Pflegewissenschaftlerin Prof. Karin Kersting befasst sich seit über 20 Jahren im Rahmen ihrer Forschungsarbeiten mit diesem Thema. 

Sie konnte nachweisen, dass die Pflegenden einen Schutzmechanismus, das sogenannte Coolout entwickelt haben, um mit dieser Situation umzugehen. Coolout, also das „Abkühlen“ bedeutet jedoch nicht, dass die Pflegekräfte gegenüber den Bedürfnissen ihrer Patienten gleichgültig werden. Sondern es beschreibt ihren Umgang mit dem Widerspruch, den sie in der Praxis erleben. Sie wollen patientenorientiert pflegen und den hohen pflegefachlichen Anspruch, den sie auch in ihrer Ausbildung verinnerlichen, gerecht werden. Dennoch werden sie zu schnellem Arbeiten angehalten oder sogar gemahnt, wenn sie sich einzelnen Patienten zu lange widmen. 

Es gibt natürlich Pflegende, die diesen Widerspruch nicht so erleben, und davon ausgehen, dass das, was gefordert wird, auch umgesetzt wird. Andere leiden darunter, dass sie sich zu wenig um die Patienten kümmern können. Sie sehen sich aber nicht dazu in der Lage, dass ändern zu können. Sie erleben sich als Opfer des Systems, in dem sie arbeiten. Wieder andere sind bestrebt, die Situation zu verbessern und versuchen zum Beispiel, sich besser zu organisieren oder Abläufe zu verändern. Eine andere Gruppe von Pflegenden erkennt, dass der Widerspruch zwischen Patientenorientierung und ökonomischen Zwängen unauflösbar ist, solange unser Gesundheitssystem derart strukturiert ist. 
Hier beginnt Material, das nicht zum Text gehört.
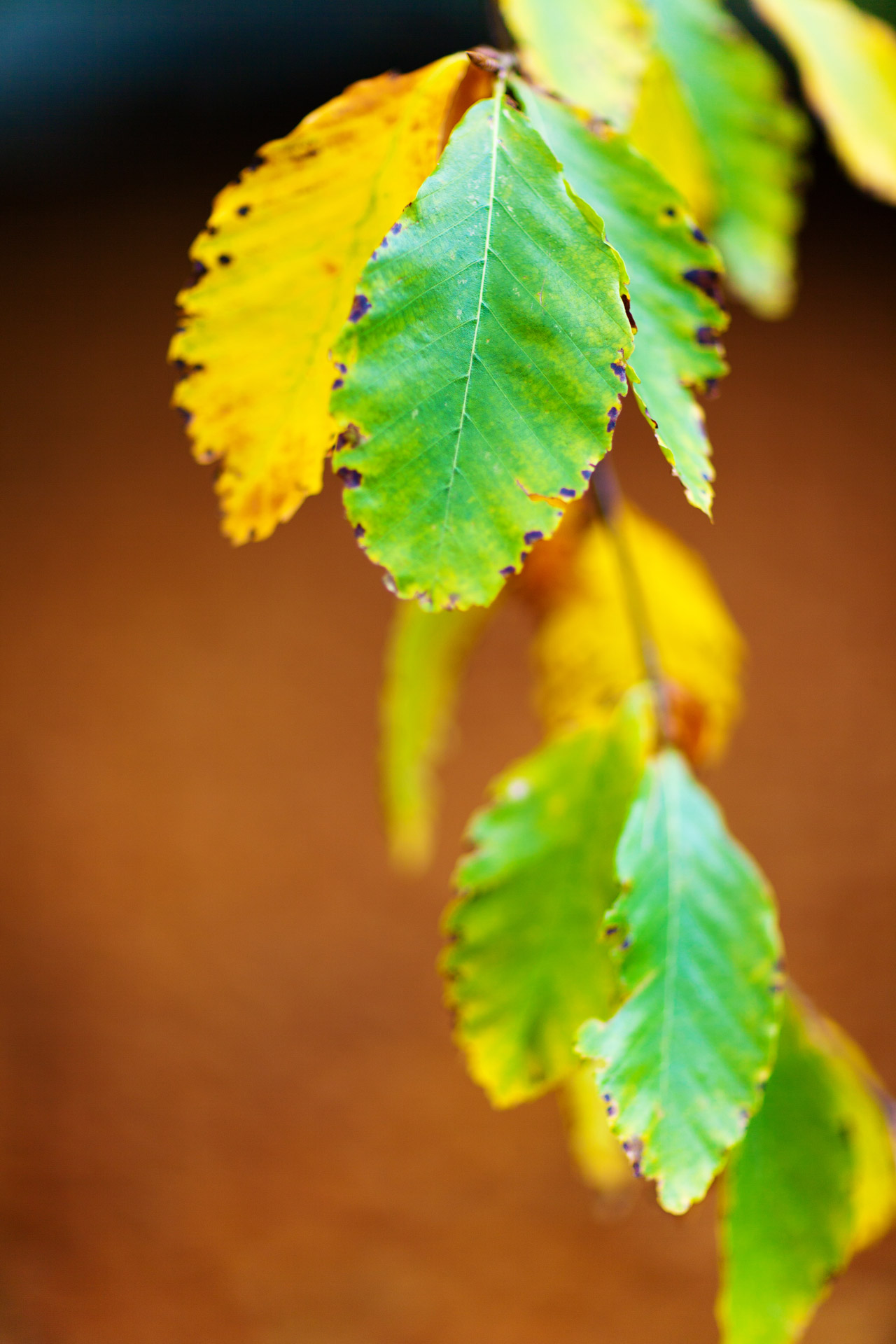 autumn beech leaves free photo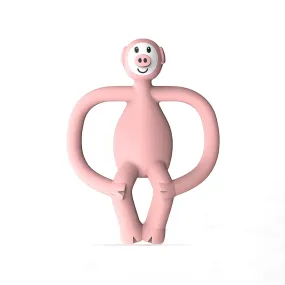 Matchstick Monkey Animal Teether (Pickle Pig)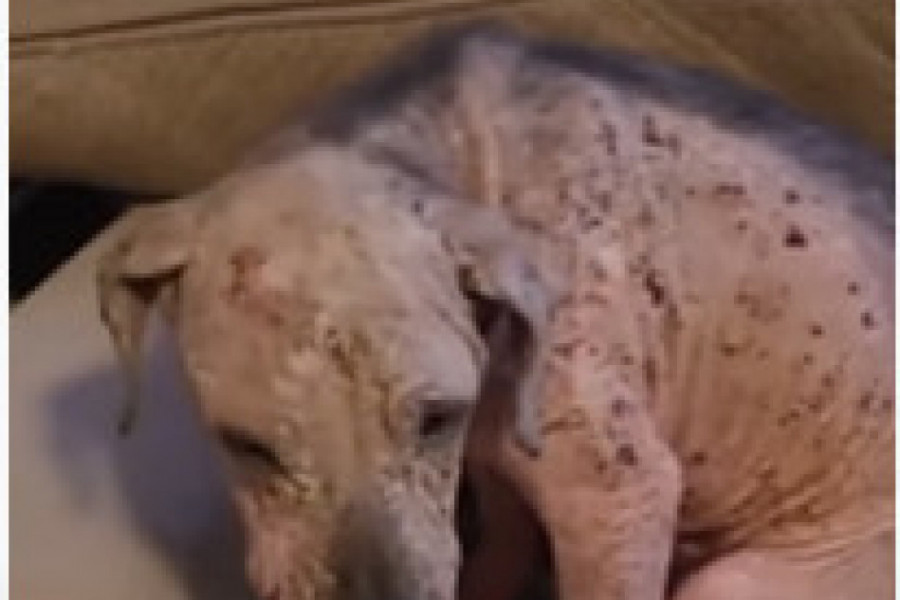 Pronašli su NAPUŠTENOG, IZGLADNELOG PSA SVOG U RANAMA: Njegova priča potpuno će vam slomiti srce (VIDEO)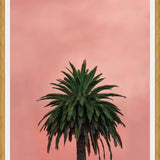 Cuadro Pink Palm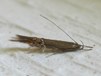 Cosmopterix fernaldella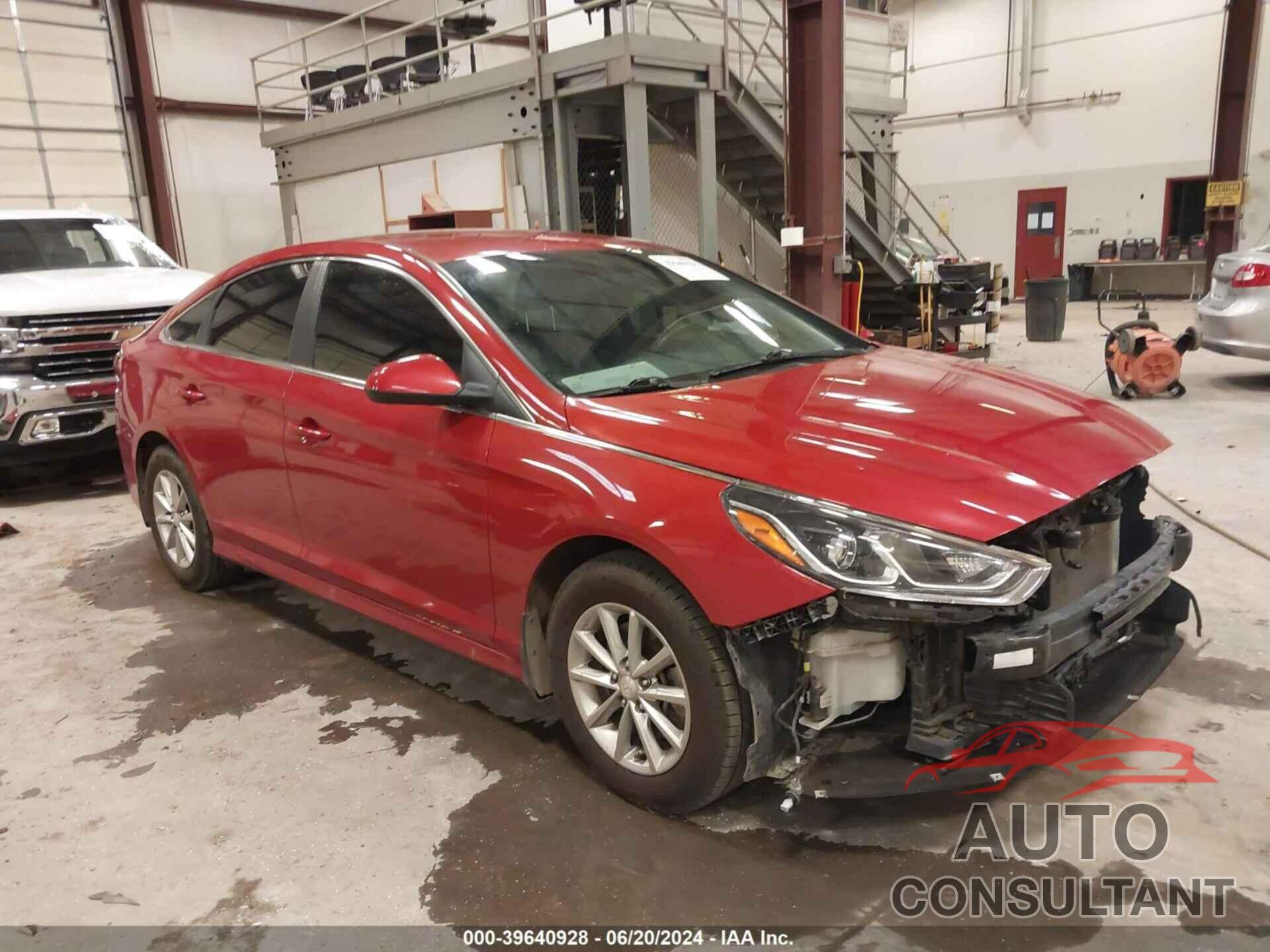 HYUNDAI SONATA 2019 - 5NPE24AF9KH731154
Um die Pflegekräfte zu entlasten und zu schützen, ist es deshalb wichtig, dass dieser Widerspruch reflektiert wird. Seit 2019 ist dieses Thema ein Bildungsziel in der Ausbildung. Nur so kann verhindert werden, dass Pflegekräfte die Diskrepanz zwischen Anspruch und Wirklichkeit, die im Berufsalltag auf sie zukommt, als individuelles Versagen erleben. Deshalb ist es wichtig, dass die Pflegekräfte auch in der Praxis Verständnis für ihre Situation erfahren und die Gelegenheit haben, nicht zuletzt im Rahmen einer Supervision, sich mit ihren Kollegen darüber auszutauschen. 

Das schützt die psychische Gesundheit der Pflegekräfte und steigert ihre Resilienz gegenüber Dingen wie Personalmangel, überbordender Bürokratie oder nicht ausreichenden Budgets. Es stabilisiert aber somit letztendlich auch wieder das bestehende System. Deshalb muss es insgesamt darum gehen, die Mitgestaltungsmöglichkeiten und Einflussnahme der Pflegenden in ihrem Berufsumfeld zu erhöhen. Dies ersetzt jedoch nicht die Anforderung an die Politik, grundlegende Verbesserungen im Gesundheitssystem herbeizuführen.